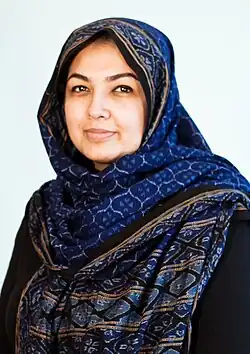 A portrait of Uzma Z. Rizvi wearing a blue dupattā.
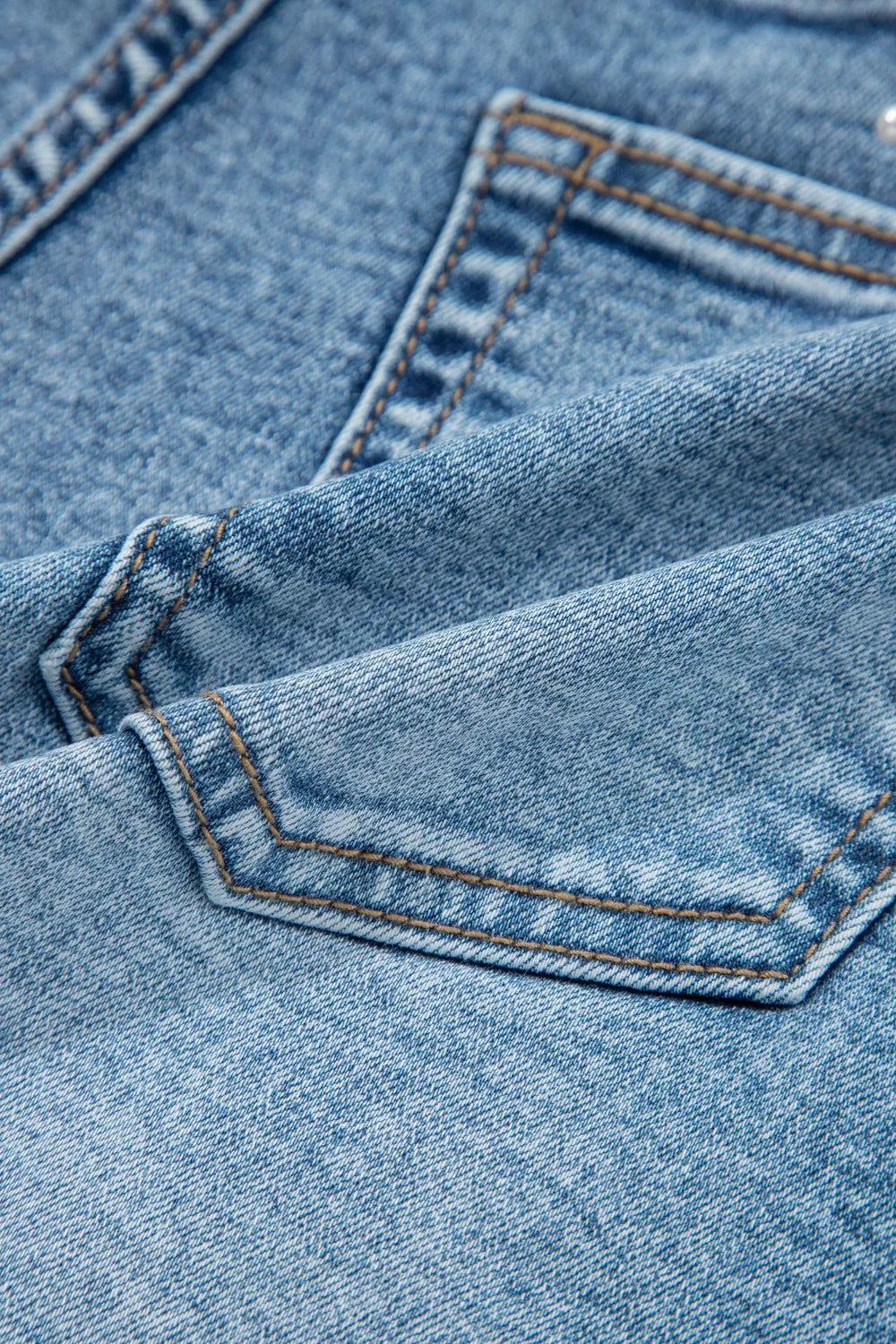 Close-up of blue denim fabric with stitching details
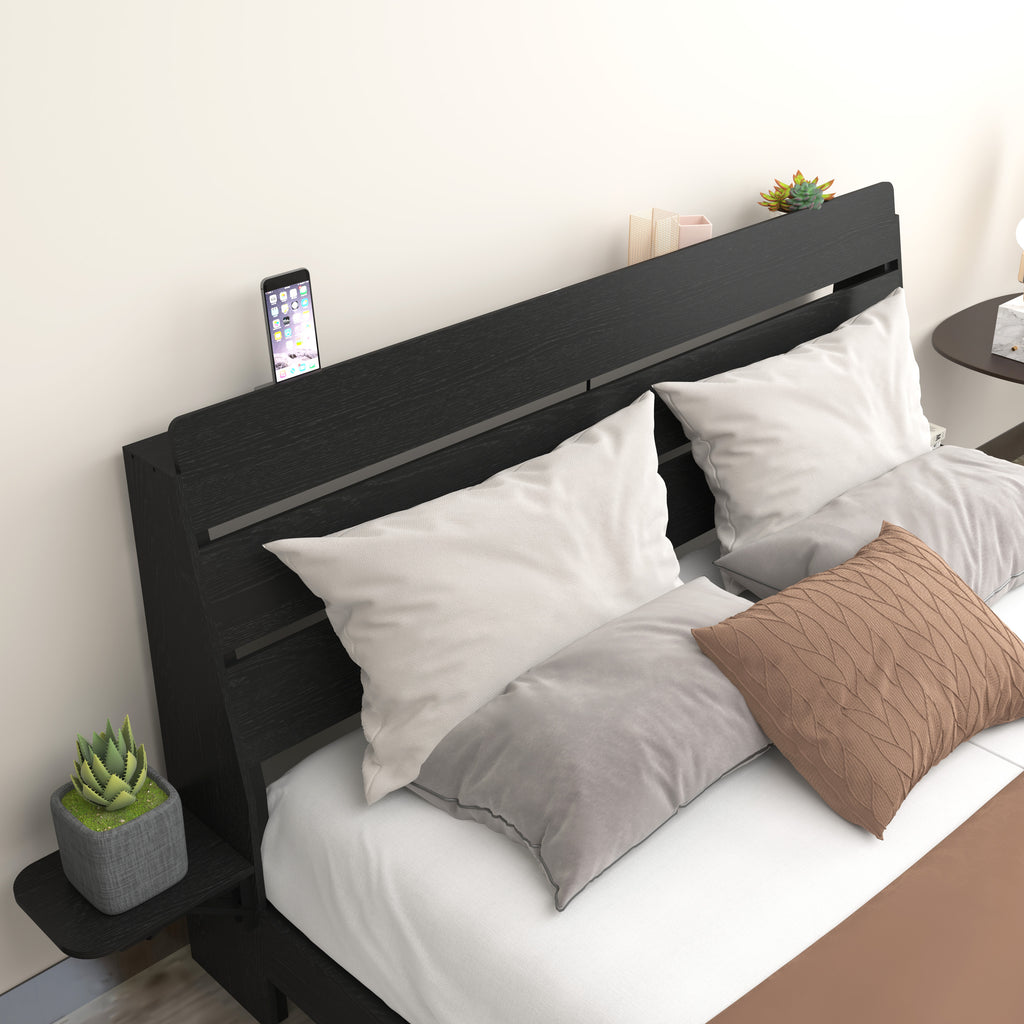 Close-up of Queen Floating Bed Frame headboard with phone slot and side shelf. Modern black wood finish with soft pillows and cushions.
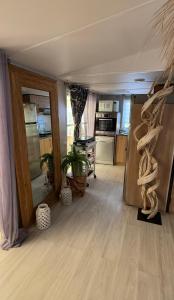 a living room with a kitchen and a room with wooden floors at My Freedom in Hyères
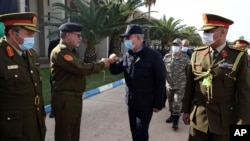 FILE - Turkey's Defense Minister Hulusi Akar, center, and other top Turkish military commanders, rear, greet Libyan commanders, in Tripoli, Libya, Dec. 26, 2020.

[WHAT YOU NEED TO DO]
Keep every word of the lines above unchanged in the copy, and omit the pictures.

[COMPLETED TASK]
 A portrait of Uzma Z. Rizvi wearing a blue dupattā.
 Close-up of blue denim fabric with stitching details
 Close-up of Queen Floating Bed Frame headboard with phone slot and side shelf. Modern black wood finish with soft pillows and cushions.
 a living room with a kitchen and a room with wooden floors at My Freedom in Hyères
 FILE - Turkey's Defense Minister Hulusi Akar, center, and other top Turkish military commanders, rear, greet Libyan commanders, in Tripoli, Libya, Dec. 26, 2020.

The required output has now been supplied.